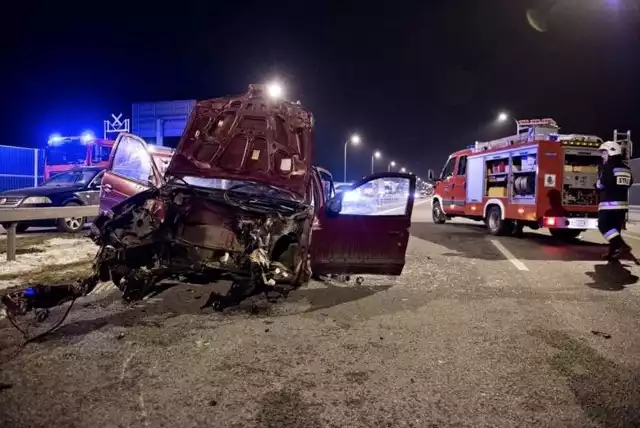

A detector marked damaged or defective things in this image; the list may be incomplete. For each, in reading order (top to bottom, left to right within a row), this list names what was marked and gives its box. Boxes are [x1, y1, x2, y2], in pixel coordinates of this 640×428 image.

shattered car window [112, 137, 153, 184]
wrecked red car [0, 84, 418, 318]
crumpled car hood [165, 84, 316, 200]
shattered car window [340, 176, 410, 216]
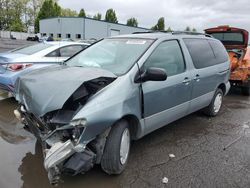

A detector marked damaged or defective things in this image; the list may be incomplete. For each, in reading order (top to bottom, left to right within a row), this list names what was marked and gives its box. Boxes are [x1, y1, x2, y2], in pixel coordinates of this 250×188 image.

damaged hood [15, 65, 116, 117]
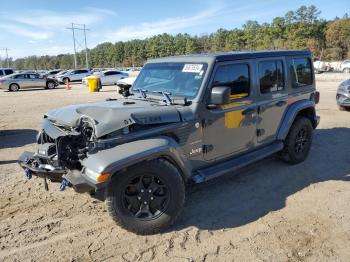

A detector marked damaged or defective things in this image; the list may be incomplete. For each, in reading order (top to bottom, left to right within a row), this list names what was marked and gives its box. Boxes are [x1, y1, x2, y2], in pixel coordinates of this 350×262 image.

crumpled hood [45, 99, 182, 138]
damaged front bumper [17, 150, 102, 193]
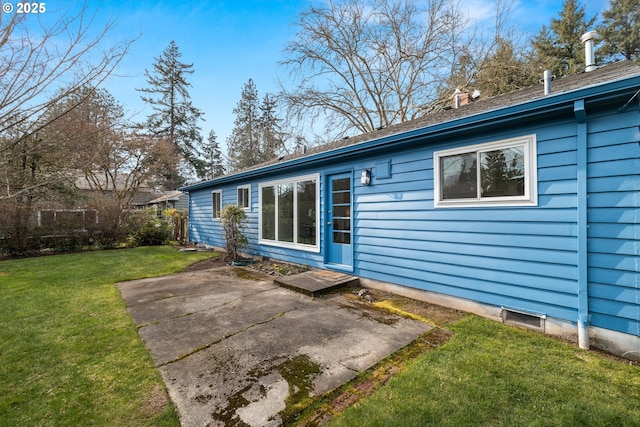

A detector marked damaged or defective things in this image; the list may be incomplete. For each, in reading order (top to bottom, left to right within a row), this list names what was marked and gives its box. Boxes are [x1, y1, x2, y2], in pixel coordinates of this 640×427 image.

cracked concrete slab [117, 266, 432, 426]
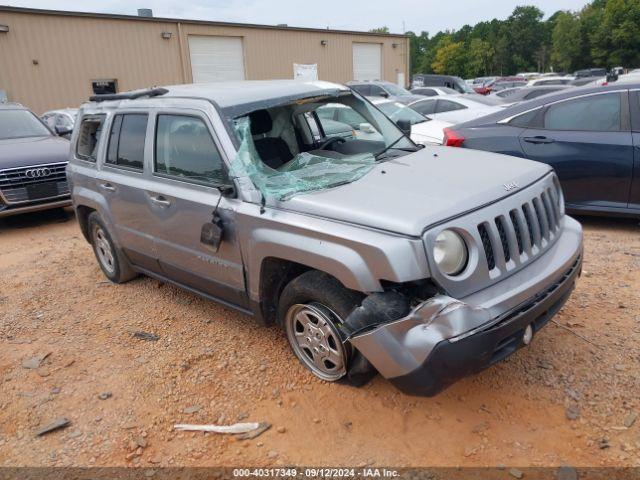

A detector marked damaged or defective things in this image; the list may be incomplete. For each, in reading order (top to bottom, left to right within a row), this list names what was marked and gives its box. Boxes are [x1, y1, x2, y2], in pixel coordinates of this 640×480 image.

broken plastic piece [230, 117, 378, 202]
shattered windshield [230, 92, 416, 201]
damaged front bumper [348, 216, 584, 396]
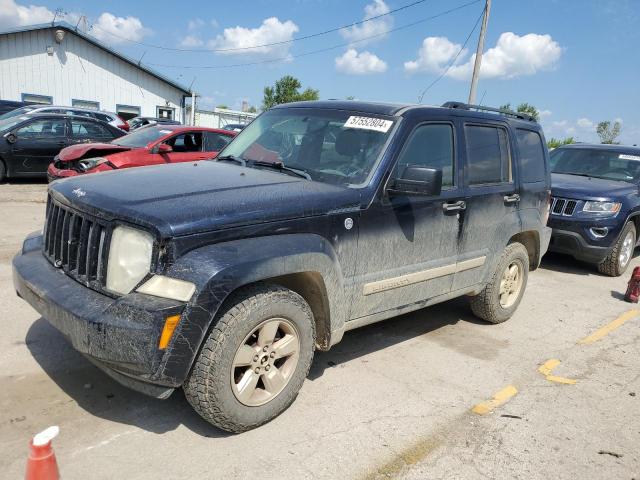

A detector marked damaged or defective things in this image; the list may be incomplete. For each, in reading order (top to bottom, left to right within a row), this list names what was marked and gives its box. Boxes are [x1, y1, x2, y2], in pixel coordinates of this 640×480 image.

red damaged car [47, 124, 236, 181]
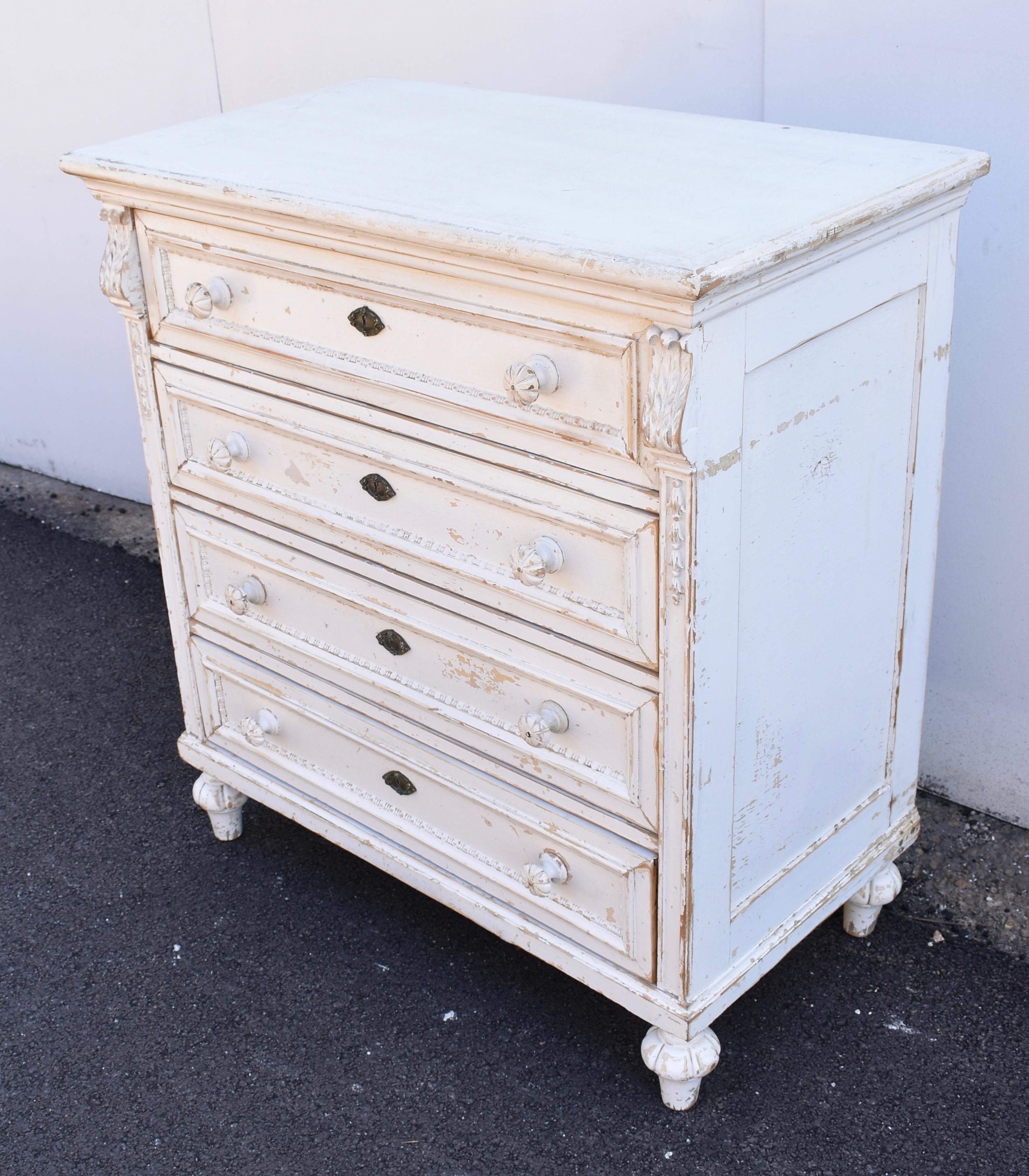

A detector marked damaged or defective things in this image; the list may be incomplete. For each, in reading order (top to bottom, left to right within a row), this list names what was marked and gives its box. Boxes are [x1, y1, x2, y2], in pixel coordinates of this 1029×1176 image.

chipped paint finish [69, 83, 986, 1114]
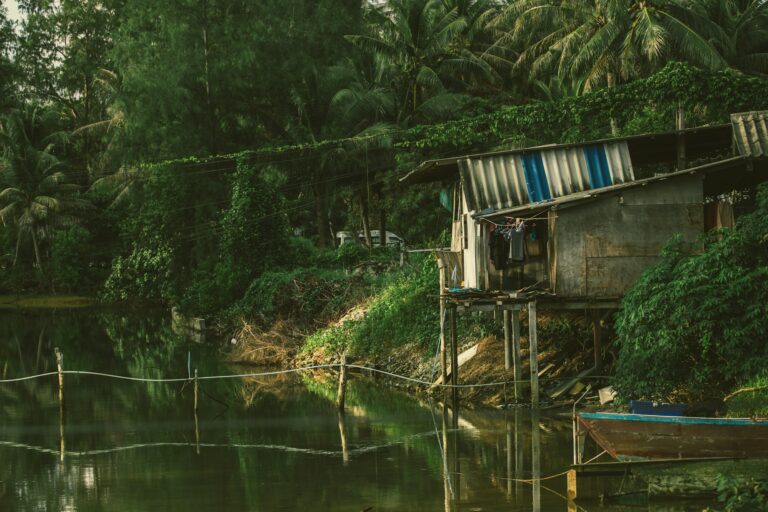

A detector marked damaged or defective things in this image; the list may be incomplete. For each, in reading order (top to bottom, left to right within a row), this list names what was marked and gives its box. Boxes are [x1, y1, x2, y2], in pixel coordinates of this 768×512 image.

rusty metal roof sheet [732, 109, 768, 155]
rusty metal roof sheet [460, 140, 632, 212]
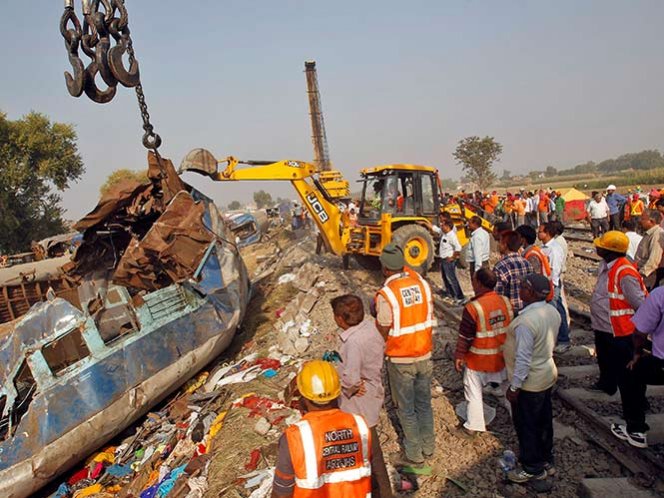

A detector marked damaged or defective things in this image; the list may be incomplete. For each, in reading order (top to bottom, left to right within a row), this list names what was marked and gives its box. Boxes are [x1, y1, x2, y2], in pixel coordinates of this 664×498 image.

rusted metal debris [0, 153, 248, 498]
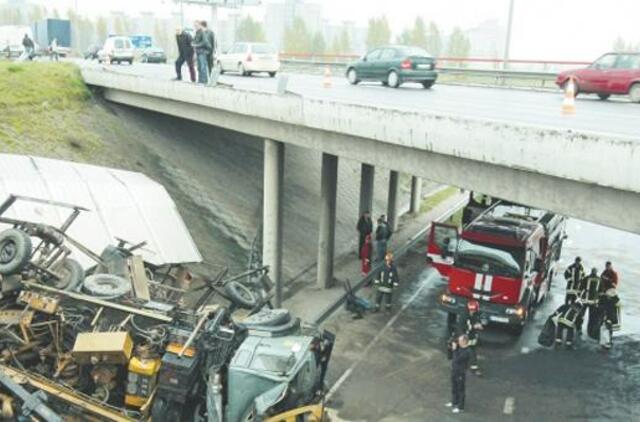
^^^^
- [WORK REQUIRED]
Would you write out an exact copy of the entries above, with no images?

- [TASK RESPONSE]
A detector marked damaged or defective things in this image; the list may be incomplete. For each, in reading order (top to bottom, left to right within a row), this list names what was marked and gives its box. Boxes are [x1, y1, x2, y2], in pixel coordinates of this 640×428 image.

shattered car window [112, 137, 153, 184]
wrecked red car [0, 84, 418, 318]
crumpled car hood [165, 84, 316, 200]
shattered car window [340, 176, 410, 216]

A detector marked damaged or defective things in this image; the list may be incomplete. For each, in reading order (top to bottom, left to right within a row), this list names what was marked and gives its box. Boxes are [x1, y1, x2, y2], in pixel coordinates of this 250×188 image.

damaged hood [15, 65, 116, 117]

A detector marked damaged or defective things in this image; the list may be incomplete. For each, in reading order (top to bottom, left to right within a row), this list names what was marked and gives its box. Boxes are [x1, y1, x2, y2], in pixel coordinates of this 350×262 image.

crumpled hood [45, 99, 182, 138]
damaged front bumper [17, 150, 102, 193]

A detector marked damaged or defective things in this image; the list may be incomplete. For each, in reading order (top to bottom, left to right within a row), this list names what was marked and gives its box. Boxes are [x1, y1, x2, y2], in pixel coordinates of this 640×427 image.

cracked concrete slab [117, 266, 432, 426]

A detector marked damaged or defective things in this image; the list may be incomplete. For each, in reading order (top to bottom, left to right within a row), this list names what was marked and gives its box. Boxes are [x1, y1, x2, y2], in pixel coordinates of this 640×480 image.

broken plastic piece [230, 117, 378, 202]
shattered windshield [230, 92, 416, 201]
damaged front bumper [348, 216, 584, 396]

A detector marked damaged or defective things in this image; the list may be incomplete. For each, in reading order (top to bottom, left to right within a row), this list names what was marked and gives its box. Boxes are [x1, y1, x2, y2], in pixel coordinates of this 640×480 image.

red damaged car [47, 124, 236, 181]

A detector marked damaged or defective things in this image; the list may be incomplete. For each, in reading order (top to bottom, left to right within a row), this list names what was marked and gives its box. Boxes are [x1, y1, x2, y2], in pixel coordinates of this 1029×1176 image.

chipped paint finish [69, 83, 986, 1114]

A detector marked damaged or defective things in this image; the list may be incomplete. For each, in reading order (top to bottom, left to right within a row), this list names what was marked and gives its box. Boxes are [x1, y1, x2, y2], in pixel coordinates of this 768×512 image.

rusty metal roof sheet [732, 109, 768, 155]
rusty metal roof sheet [460, 140, 632, 212]

A detector marked damaged or defective things in this image; the list may be incomplete. For each, in reading order (top to bottom, left to right within a row), this list names what was marked and gives its box. Boxes are [x1, y1, x2, y2], in pixel coordinates of this 664×498 image.

rusted metal debris [0, 153, 248, 498]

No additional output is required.